His father was a lawyer and expected his firstborn son to follow in his footsteps, taking up the family practice. Jules' mother descended from a family of shipowners, and his schoolteacher was the widowed wife of a sea captain. This inheritance, and seeing ships drift in and out of Nantes' harbor, seized the young boy’s mind. He particularly enjoyed the story of Robinson Crusoe, and had once reportedly tried to get himself hired on as a cabin boy to a vessel bound for India at the age of 11. The expanse of ocean and all it represented about the unknown, romantic, and adventurous had claimed Jules Verne as easily as it claimed its shipwrecks.

After a doomed romance with a girl whose father forced into a marriage of convenience with a wealthy landowner ten years her elder, Verne left Nantes for Paris to complete his legal studies. When he arrived in 1848, his family connections admitted him to the most chic of literary salons. He also expressed himself creatively through the writing of dramatic plays. His greatest influence at this time was Victor Hugo, both his theatrical works and his lengthy novels of social upheaval, Notre-Dame de Paris and Les Miserables. It was fitting, as this was also the tumultuous times of the French Revolution of 1848. Witnessing the collapse of the July Monarchy and the Second Republic, and the rise of the Second Empire, within only a few years deeply affected Verne. So too did the rising pace of Industrialization during the Second Republic and Second Empire. The mid-1800's were a new time, an age of political, social, and technological upheaval. Verne was captivated by the idea of progress tinged with catastrophe, and yearned to express it some way. Thankfully, his literary connections brought him into the company of Alexandre Dumas, author of The Three Musketeers, Count of Monte Cristo, and many other classic adventure stories. He was inspired and encouraged to begin publishing plays and short stories that explored the social issues of the scientific age. Verne's greatest opportunity came with meeting Pierre Jules Hetzel, a visionary publisher who saw Verne as a new type of author for a new era… An author of "Scientific Romances," of encyclopedic novels of exotic adventure in far-flung locales and the progress of technological invention.
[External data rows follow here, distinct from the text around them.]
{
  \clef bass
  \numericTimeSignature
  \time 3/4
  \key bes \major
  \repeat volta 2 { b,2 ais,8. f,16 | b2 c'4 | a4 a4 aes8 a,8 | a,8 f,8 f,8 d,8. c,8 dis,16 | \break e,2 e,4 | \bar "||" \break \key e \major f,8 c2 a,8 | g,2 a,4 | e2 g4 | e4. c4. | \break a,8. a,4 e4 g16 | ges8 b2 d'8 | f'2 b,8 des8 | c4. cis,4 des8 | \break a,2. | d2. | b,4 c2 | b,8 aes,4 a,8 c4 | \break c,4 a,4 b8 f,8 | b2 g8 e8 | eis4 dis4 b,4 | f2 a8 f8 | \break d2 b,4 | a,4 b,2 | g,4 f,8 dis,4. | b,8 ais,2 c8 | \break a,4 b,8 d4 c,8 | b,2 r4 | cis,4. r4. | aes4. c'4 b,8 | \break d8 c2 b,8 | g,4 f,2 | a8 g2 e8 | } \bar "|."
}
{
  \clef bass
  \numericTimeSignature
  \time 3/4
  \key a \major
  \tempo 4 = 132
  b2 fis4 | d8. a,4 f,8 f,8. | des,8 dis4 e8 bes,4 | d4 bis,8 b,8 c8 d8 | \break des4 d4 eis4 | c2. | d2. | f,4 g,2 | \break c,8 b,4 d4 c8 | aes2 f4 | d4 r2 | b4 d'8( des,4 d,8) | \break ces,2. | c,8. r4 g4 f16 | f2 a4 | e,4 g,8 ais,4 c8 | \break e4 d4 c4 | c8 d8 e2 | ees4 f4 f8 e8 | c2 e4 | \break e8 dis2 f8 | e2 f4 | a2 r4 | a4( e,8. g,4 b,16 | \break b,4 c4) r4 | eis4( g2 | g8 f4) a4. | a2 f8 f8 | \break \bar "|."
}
l’Île Mystérieuse - Librairie Jules Verne,
a bookshop in Paris specializing in the works of Jules Verne.



After writing his first few novels, Verne left the lights of Paris in 1869 for the coastal city of Le Crotoy to be with his new yacht, the Saint-Michel, during which time he wrote his most famous novel, Twenty-Thousand Leagues Under the Sea. He returned to the hometown of his wife and step-daughters, and their own son Michel, in 1871. Not long after their arrival they purchased the townhouse at No. 44 Boulevard Longueville, where Verne would also spend the last years of his life. It was in 1872 that the author, now settling into more domestic life, published Around the World in Eighty Days and purchased two more yachts, the Saint-Michels II and III. Enjoying tremendous success, Verne moved his family to a very distinctive building down the street. Notable for its tower with a commanding view of the great Cathédrale Notre-Dame d'Amiens, this house seemed to reflect the character of its renter. It was in some ways eccentric but also regal, adventurous but urbane. In an 1894 interview with the author for McClure’s Magazine, R.H. Sherard describes the view:
It is a house of three stories, with three rows of five windows on the Boulevard Longueville and three windows at the corner, and three more on the Rue Charles Dubois. The carriage and other entrance are in this street. The windows on the Boulevard Longueville command a magnificent view of the picturesque, if misty, town of Amiens, with its old cathedral and other mediæval buildings. Right in front of the house, on the other side of the boulevard, is a railway cutting, which, just opposite Verne’s study window, disappears into a pleasure ground, where there is a large music kiosk, in which during the fine weather the regimental band plays. This combination is to my thinking a very emblem of the work of the great writer: the rushing tram, with the roar and the rattle of the ultra-modernism, and the romance of the music. And is it not by a combination of science and industrialism with all that is most romantic in life that Verne’s novels possess an originality which can be found in the works of no other living writer, not even amongst those who count most in French literature?
Me, sitting on the steps of Verne's mansion...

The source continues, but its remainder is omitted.